Spiral Volumetric CT to Diagnose Pulmonary Embolism
Abstract & Commentary
Synopsis: Of 11 published investigations of spiral volumetric computed tomography in the diagnosis of pulmonary embolism, none met all 11 standards applied by the authors for studies of diagnostic tests, and only five articles met five standards. Spiral CT can be helpful for "ruling in" pulmonary embolism, but not for excluding this diagnosis.
Source: Mullins MD, et al. Arch Intern Med 2000; 160:293-298.
The use of spiral volumetric computed tomography (SVCT) to diagnose pulmonary embolism (PE) was first reported in 1992. Since that time, this technique has become more widely used to evaluate patients suspected of having PE. This study sought to determine whether current enthusiasm for SVCT in this context is justified by rigorously examining the available published studies of its use.
Mullins and associates at the University of Virginia performed a MEDLINE search for articles published up to mid-1998. They only included articles reporting comparisons of SVCT to the results of pulmonary arteriograms or another reference standard (such as a high-probability ventilation-perfusion scan in the presence of a high clinical suspicion for PE). To the published articles that met these criteria, Mullins et al applied 11 standards, adapted from accepted methods for scrutinizing studies of diagnostic tests (see Table).
Eleven studies were identified in the English literature prior to July 1998 that met the requirements of Mullins et al for inclusion. These studies came from six different countries, and reported on between 10 and 185 examinations. None of them met all 11 standards shown in the table. In fact, only five of them met five or more standards. Mullins et al conclude that there is not yet an established place for SVCT in the diagnostic evaluation of patients suspected of having acute PE. They point out that SVCT may be relatively sensitive and specific for diagnosing central pulmonary artery PEs, but that it is insensitive for diagnosing subsegmental clots.

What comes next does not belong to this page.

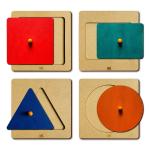 Mini Leaves Multicolor Wooden Montesoori Baby Toys Puzzles Colorful Multiple Shape Puzzles Toys For 6-12 Months (Pieces Of 4)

COMMENT BY DAVID J. PIERSON, MD, FACP, FCCP
Enthusiasm for and widespread clinical use of a new diagnostic technique typically precedes appropriate scientific studies of its validity and cost-effectiveness. This is particularly true for conditions that are potentially life threatening, and for which the existing diagnostic armamentarium is far from ideal. PE is one such condition. A killer of hundreds of thousands of people annually, PE is notoriously difficult to diagnose, particularly in the presence of underlying cardiopulmonary disease. Ventilation-perfusion scanning is highly accurate in otherwise healthy patients when the history is typical and there are neither coexisting medical problems nor technical difficulties. When these conditions are not met, however, as tends to be the case in the ICU, the ventilation-perfusion scan all too often yields unhelpful "indeterminant" results. The currently popular ultrasound studies of the lower extremities are highly operator dependent and cannot say whether a clot is present in the lungs. The gold standard for diagnosing PE, pulmonary angiography, is invasive and not always easy to obtain.

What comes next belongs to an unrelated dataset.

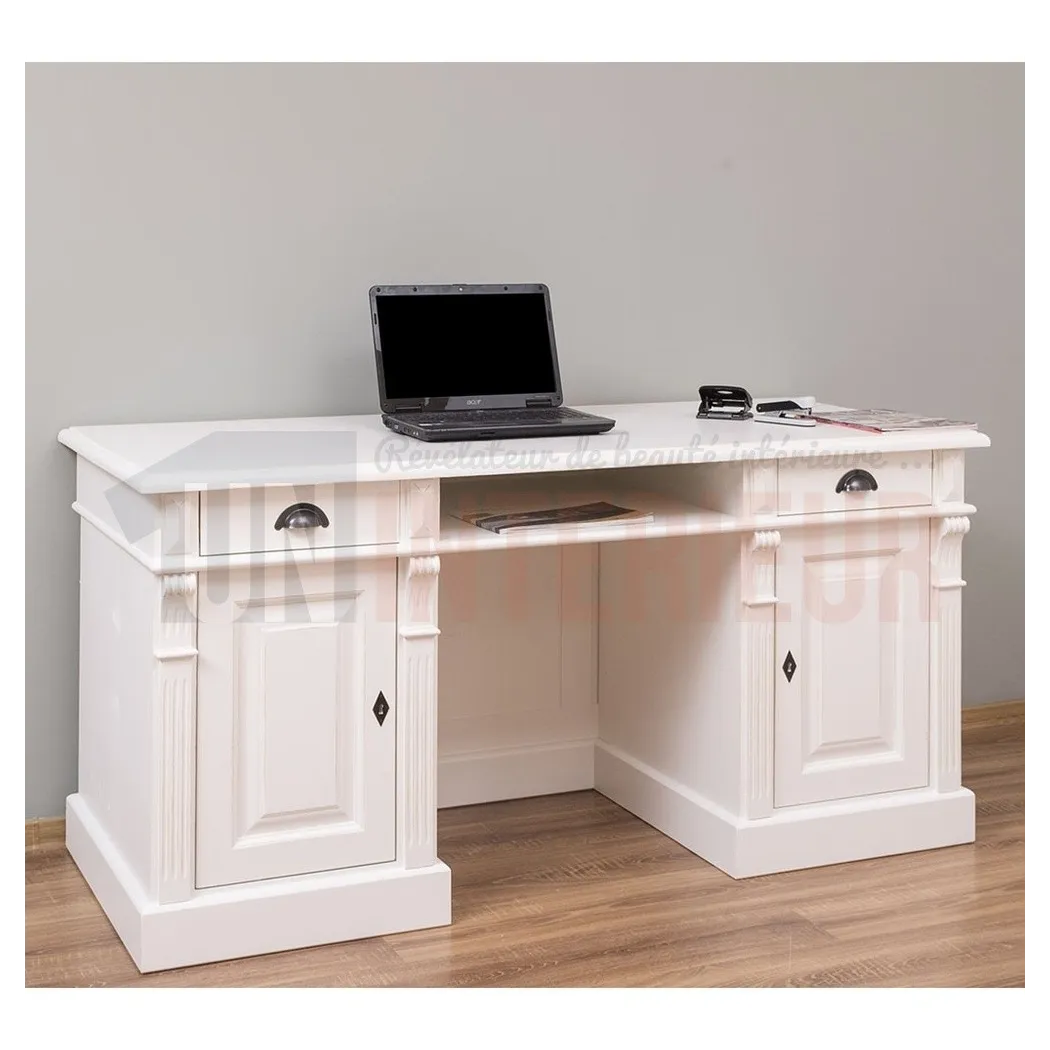 Grand meuble bureau de 160cm en pin massif - President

|Table-Standards by Which Published Studies of SVCT Were Examined|
|1. Clear description of SVCT technique|
|2. Clear criteria for positive or negative result|
|3. Assessment of interpretation reliability by comparing independent (blinded) readings|
|4. Assessment of reliability of SVCT by having some patients undergo repeated testing with comparisons of both tests|
|5. Sufficient description of patient selection process so that similar patients could be studied|
|6. Sufficient description of patients themselves for reader to make comparisons with his/her own patients|
|7. Sufficient description of eligible patients who were not enrolled in study|
|8. Sufficient description of extent of disease so that results could be stratified by location or severity of PE|
|9. Sufficient detail on non-PE diagnoses so that inference of discriminative ability of SVCT for patients without PE possible|
|10. Referral of patients for SVCT and reference standard regardless of results of either|
|11. Results of SVCT and reference standard interpreted independently|
It is no wonder that SVCT has been so enthusiastically embraced by clinicians and radiologists alike. It is easy and quick to perform, and more and more reliance is being placed on its findings. In many institutions SVCT has rapidly become the initial diagnostic study of first choice for patients suspected of having PE. But is this trend justified?

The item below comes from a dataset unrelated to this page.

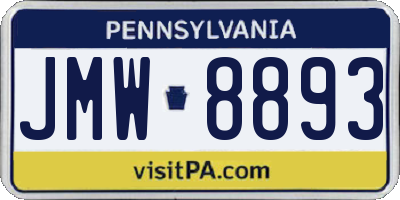 PA license plate JMW8893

This systematic review points out how incomplete the current database is with respect to using SVCT to diagnose PE. Especially, this test cannot be used to exclude this diagnosis with confidence. SVCT is highly specific for PE, and if it shows a big clot in a central pulmonary artery, the diagnosis is made. However, when a clot is not seen on SVCT, PE has definitely not been excluded. Thus, as Mullins et al point out, SVCT may have a role as a "rule-in" test for large central emboli, but additional research is required to establish its place in clinical practice.
In the diagnostic evaluation of patients suspected of having pulmonary embolism, spiral volumetric computed tomography:
a. is the gold standard.
b. can rule in large central emboli.
c. has replaced the ventilation-perfusion scan.
d. is useful in excluding small peripheral emboli.